Calvin Spealman wrote:
I don't know if this would make sense to try to push to 2.6 or 3.0. I was talking with some people about how the ability to split or replace on multiple substrings would be added to python, without adding new methods or having ugly tuple passing requirents like s.split(('foo', 'bar'), 4). This idea came to mind, so I wanted to toss it out there for scrutination. It would be a builtin, but can be implemented in python like this, basically:
class oneof(list): def __init__(self, *args): list.__init__(self) self.extend(args) def __eq__(self, o): return o in self
assert 'bar' == oneof('bar', 'baz')
'bar' in 'bar baz' ?
In addition to the new type, .replace, .split, and other appropriate functions would be updated to take this as the substring argument to locate and would match any one of the substrings it contains. I've asked a few people and gotten good responses on the general idea so far, but what do you all think?
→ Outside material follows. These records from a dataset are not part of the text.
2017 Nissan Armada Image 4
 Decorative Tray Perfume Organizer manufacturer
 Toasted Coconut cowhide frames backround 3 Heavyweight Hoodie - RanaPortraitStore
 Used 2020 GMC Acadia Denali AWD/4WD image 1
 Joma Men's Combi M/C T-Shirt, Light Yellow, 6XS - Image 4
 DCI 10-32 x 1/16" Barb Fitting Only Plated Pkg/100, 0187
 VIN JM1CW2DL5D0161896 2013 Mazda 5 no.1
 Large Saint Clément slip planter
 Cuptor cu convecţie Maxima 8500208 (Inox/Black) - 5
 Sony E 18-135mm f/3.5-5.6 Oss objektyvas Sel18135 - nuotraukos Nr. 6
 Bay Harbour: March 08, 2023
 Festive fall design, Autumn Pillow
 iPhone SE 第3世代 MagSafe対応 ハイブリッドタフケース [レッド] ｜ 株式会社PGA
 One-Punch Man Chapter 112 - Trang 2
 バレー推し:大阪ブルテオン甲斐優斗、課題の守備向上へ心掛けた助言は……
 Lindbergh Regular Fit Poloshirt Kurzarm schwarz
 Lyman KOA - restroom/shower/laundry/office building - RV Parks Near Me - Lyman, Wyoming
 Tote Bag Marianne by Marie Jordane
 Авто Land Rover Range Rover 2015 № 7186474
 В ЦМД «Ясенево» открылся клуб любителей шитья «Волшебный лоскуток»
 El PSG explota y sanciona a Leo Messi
- Would the multi-substring operations be welcomed?
- Could this be a good way to add those to the API without breaking things?
- What version would it target?
- What all functions and methods should support this or generally
might gain value from some similar solution?
It doesn't feel right to me to have this as a built in. This falls in the category of mid level functionality, but I'm never sure where to draw the line between having simple objects to do more complex things on, vs more complex objects. I tend to prefer the first case.
Having more functions to do more complex, but common, things to strings and lists of strings would be nice to have in the library.
Examples of this are fnmatch.py, and textwrap.py. These both use re to do the work, but present an easier to use interface.
The functions in textwrap could be extended to accept 'lists of lines'. And functions to do justifying, right and full, might also be useful.
Having a simpler word matching alternative to do web style multi term searches on lists of strings, would be nice. (Something I could use to handle search requests right now.) It could be designed to be presentable to users like fnmatch. The simpler pattern matching would work in many programming situations as well. Like fnmatch, and textwrap, it would use re to do the actual work.
Functions like split_pattern(), replace_pattern(), and partition_pattern() could also be available in the same module to handle the cases you suggested.